Beyond Piazza Venezia: Rome off the Beaten Path
Buon giorno and welcome to A Road Retraveled Travel Videos and Blog.
Piazza Venezia is quite popular being next to the Capitoline Hill, the Roman Forum, Trajan’s Market, the Colosseum, and all the shopping your heart desires on Via del Corso.
You can spend a whole day in this area visiting all the attractions surrounding it. But we’re going to spend just an afternoon strolling through some of its off the beaten path neighborhoods as we Roam through Rome.
Beyond Piazza Venezia: Piazza Mattei and the Tortoise Fountain
It’s quite amazing that just a few minutes from the major tourist hotspot and insane traffic of Piazza Venezia you find yourself in such a quiet and peaceful neighborhood with barely any tourists around and void of trinket vendors.
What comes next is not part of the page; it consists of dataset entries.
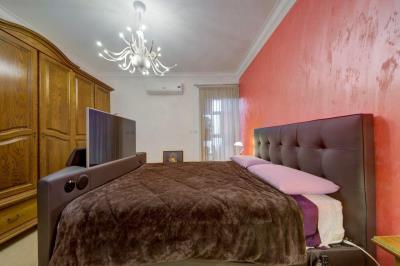P_916619_916619-Sliema-Apartment-009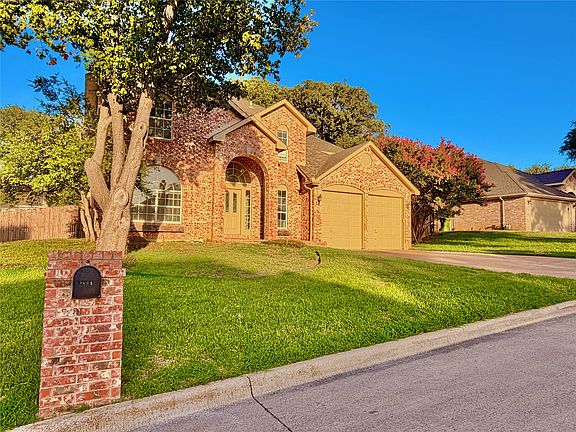 3rd image of 7904 Ember Oaks Dr
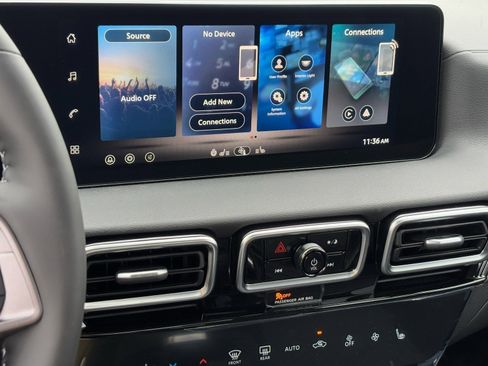 New 2026 Nissan Sentra SV image 25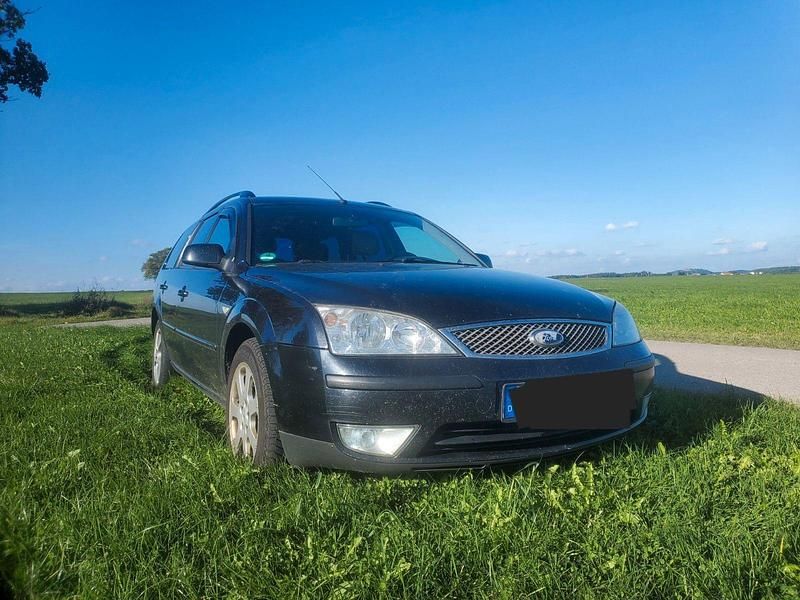 Schwarz Gebraucht 2004 Ford Mondeo Trend Kombi | 1.400 € (Etwas zu teuer) - Bild 1/4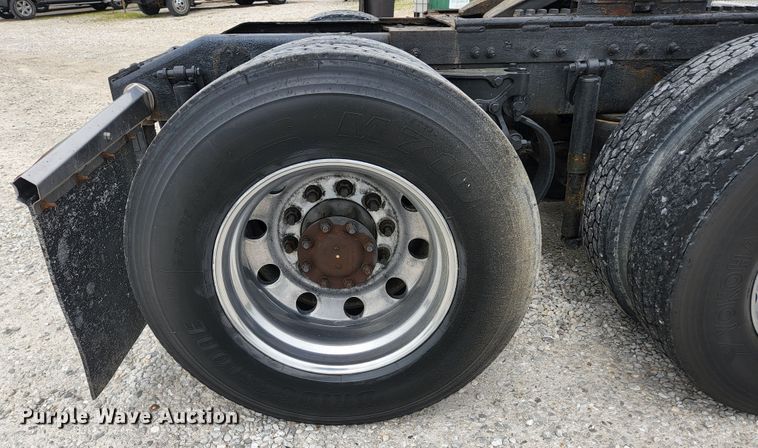 image for item JM9113 2009 Peterbilt 386  semi truck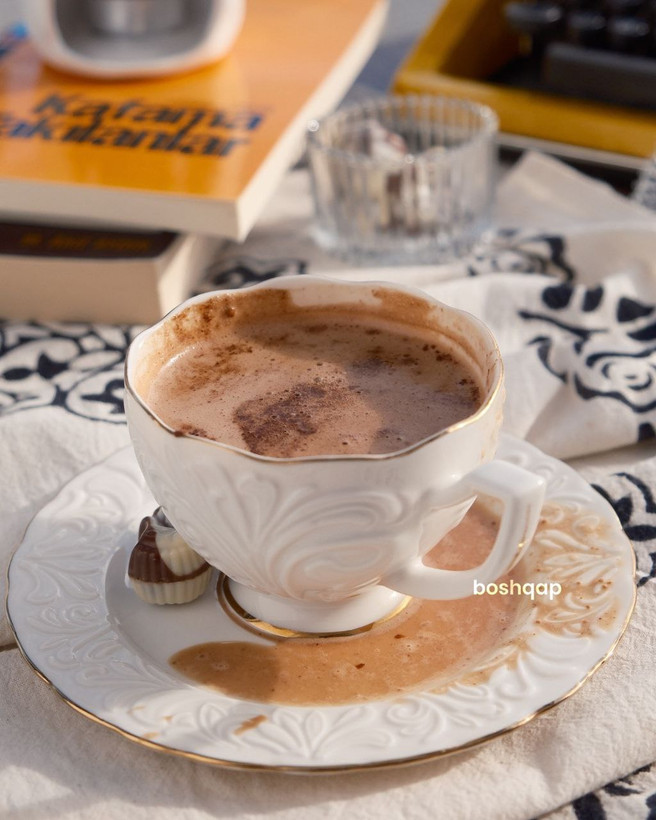 چایخوری چینی گل برجسته برند IPEK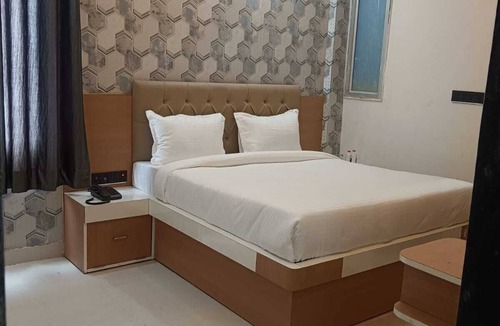 Kukas Hotel | HOTEL BIRLA PALACE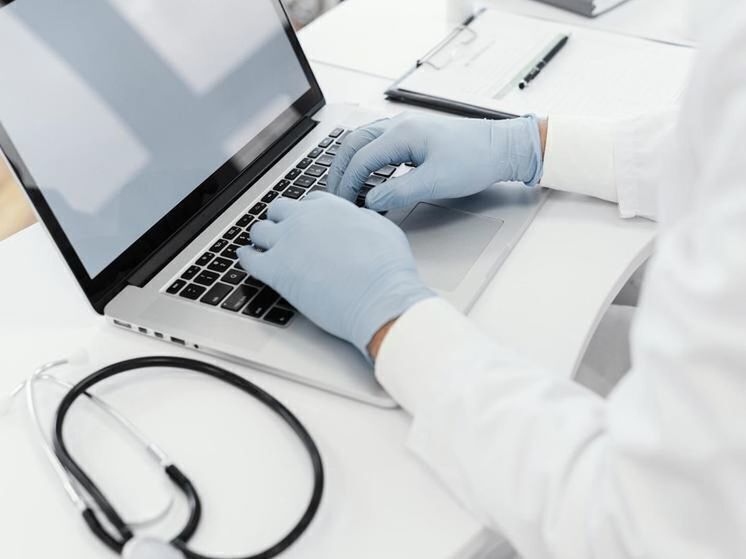 Жители Москвы пожаловались на мощный вирус, который заражает горожан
Just make sure you wear comfortable shoes because like in Trastevere, you’ll find yourself walking on cobble stone streets!
As we stroll beyond Piazza Venezia along the charming alleys we run into the cozy Piazza Mattei with an interesting, and yet often overlooked fountain: La Fontana delle Tartarughe, or The Fountain of the Turtles.
This charming fountain was commissioned in 1581 by the Mattei family, who also owned all the palazzi around this square, and was designed by Giacomo della Porta.
Della Porta was by no means a small timer, but an important architect and sculptor who finished Michelangelo’s Dome of St Peter’s. The water in this fountain is said to come from the Acqua Vergine, virgin water – the best water of all the aquaducts.
The turtles were added by Lorenzo Bernini some time later during a restoration requested by Pope Alexander VII in 1658. In 1979 one of the turtles was stolen, if you can believe it, so of course the three remaining turtles were removed and placed in the Capitoline Museum nearby. What you see here are copies of the originals. The fountain was also recently renovated at a cost of about 250,000 Euros, in a plan by the city council for a fully renovated historic center.
If you stop to think about this fully functioning and well preserved fountain, and not to mention all the other fountains, buildings and monuments in Italy, being as old and often even older than Colonial America…. it’s mind blowing!
Nearby, west of here, and on the right of Via Arenula is Largo di Torre Argentina. It’s also a popular bus stop area, as well as the terminal for Tram number 8 that goes to Trastevere. Four Ancient Roman temples and part of Pompey’s Theater dating back to the Republic Era were discovered here. History buffs would be interested to know that Julius Caesar was killed in this area on the steps of the Theater of Pompey. Not sure if he actually said: E Tu Brute? So this bit of real estate in the middle of a major transportation hub has important historical significance. You’ll also notice cats lounging around…that’s because this is also a Cat Sanctuary.
Walking back on Via Arenula past Piazza Mattei folowing Via dei Funari and then via Monanara to Via del Teatro Marcello is an ancient theater in the charming Jewish Quarter that’s quite overlooked but worth a visit for its typical Roman merging of old and new.
Here you see more modern structures built on top of the ancient Theater, Teatro Marcello, that was completed by Emperor Augustus around 13 BC. The ancient theater served as a fortified palace for various families from Medieval times onward.
Beyond Piazza Venezia: The Jewish Quarter
While here, venture through the Jewish Quarter, or as it was also known, the Jewish Ghetto. Ghetto was a word originally used to describe areas where Jews were compelled to live. For more than 300 years between 16th century and until the Italian unification in the 1800’s, the Roman Jewish population was forced to live here under most dire restrictions. Most of the old ghetto has been torn down, and it turned into a charming and eclectic neighborhood famous for some of the best food in Rome, like the Jewish specialty of fried artichokes.
Now we’re just a short walk away from Piazza Venezia, back to where we started.